Will the real Paul Farrell please stand up?

In his most recent installment of doom and gloom financial pornography, Paul Farrell writes:

Warning:  Crash dead ahead.  Sell.  Get Liquid.  Now.

Fascinating.

Particularly when you consider these excerpts from his book, The Lazy Person's Guide to Investing:

"The only solution is to be in the market all the time and stop jumping in and out." 

"Never try to time the market; it's too much of a gamble." 

"The market is totally random, irrational, and unpredictable." 

"Greed triggers a buying frenzy at the top of a cycle. Fear creates a selling panic at the bottom.

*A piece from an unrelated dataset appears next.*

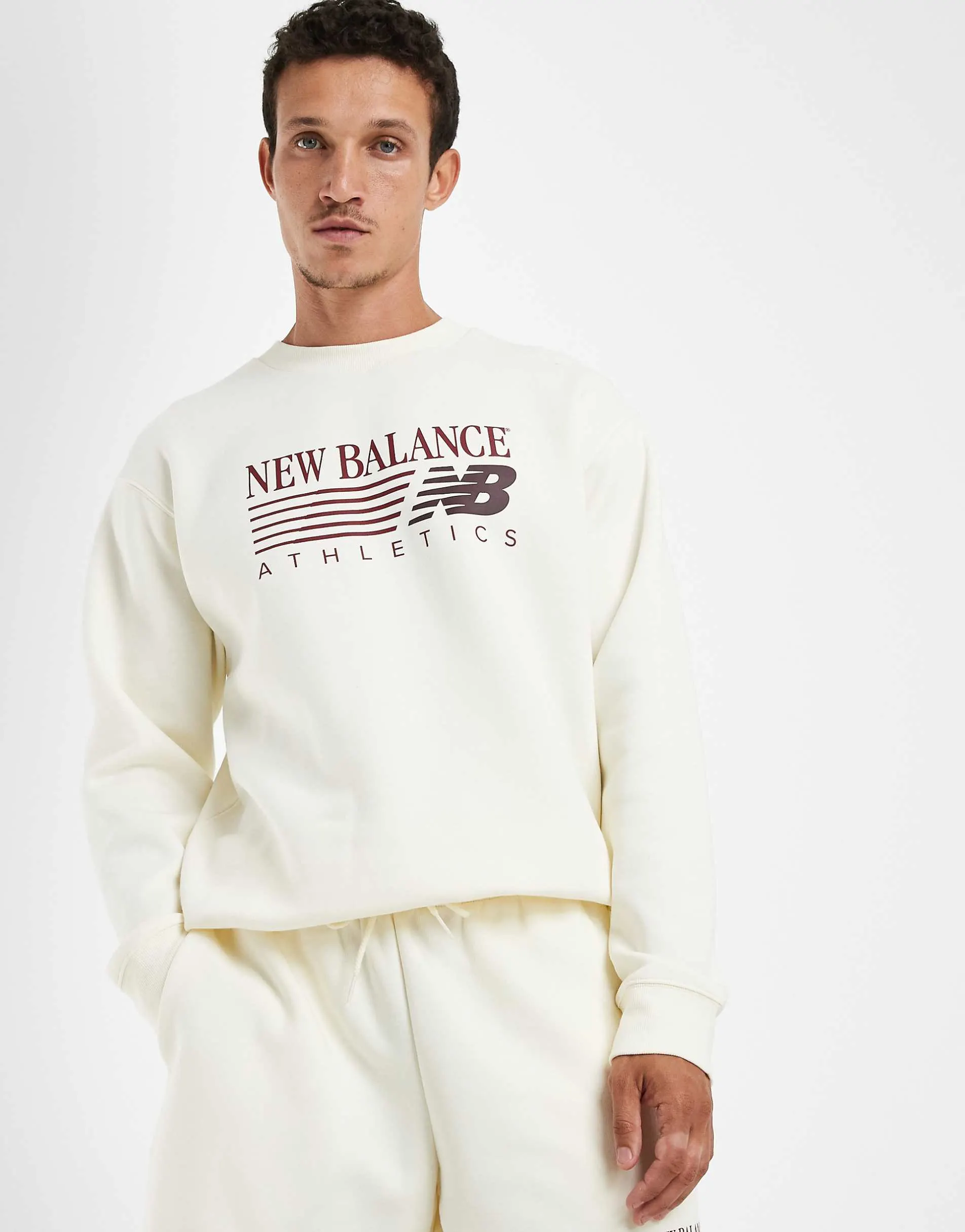 New Balance reimagined graphic fleece sweatshirt in off white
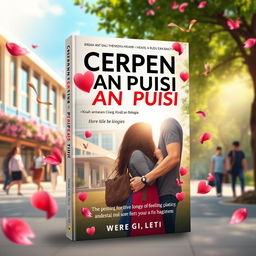 An engaging book cover design for 'CERPEN DAN PUISI, Kisah antara Cinta, Hilang, Lara, Rindu dan Bahagia', set in a vibrant campus environment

Investors lose both ways."

and the kicker.... wait for it....

"The more I know, the more I know I just don't know, and neither does anyone else."

Another book by Paul Farrell:

The New Money A$trology Success Formulas

 

 

How Folio Investing helps you trade ETFs safely

The unprecedented "flash crash" in the market two weeks ago highlighted the delicate nature of trading securities in today's financial markets dominated by program and "high frequency" trading.
 
I've written before about why I love Folio Investing's unique online trading platform.  Here are several features of their technology that can help protect you from trading mishaps:
 
1)  No margin.  Folio will not execute a trade if you don't have money in your account to cover it.  This is a vast departure from many firms that let you "buy now and pay later."  This serves as a safety mechanism against your inadvertently placing a trade in error.
 
2)  Trades are based on models and percentages, not dollars and shares.  Converting from percentages to dollars and dollars to shares and then manually entering each trade is highly prone to human error.  Folio's system is much more efficient resulting in less potential for human error.
 
3)  Window trades are converted from dollars to shares at the time the trades are executed, not when the trades are placed.  This means you can place the trades after market hours without having to worry about after-hour market price movement (this does not, however, protect you from possible market movement or volatility if your trade is sent as an unqualified market order as many of Folio's window trades are-- see #6 below for an additional protective measure).
 
4)  Window trades are "crossed," when possible, among multiple Folio clients.  In these cases, you get a better trade execution without the order being sent to an exchange.
 
5)  Window trades are "batched," when possible, across multiple Folio clients.  Large trades are then sent to market makers on a "not held" basis in an attempt to gain execution at the average price for that window period.  This works to protect you against trades that might "move the market."
 
6)  Folio's platform allows you to set a "cancel limit threshhold."  When set, this feature will automatically cancel any window trade if the aggregate order "moves against you" by a certain percentage between the time you place the order and the time the next window closes.  This essentially serves as a personal "circuit breaker" to keep you away from highly volatile trading conditions.
 
Whether you use Folio or another brokerage firm, there are risks inherent in trading ETFs.  If you do not understand or are not comfortable with the risks that ETFs pose, you should consider investing in traditional mutual funds instead.
 

 

A big case of recency bias?

Recently, a number of financial pundits have been predicting that stock market returns will be "substantially below average" in the coming decades.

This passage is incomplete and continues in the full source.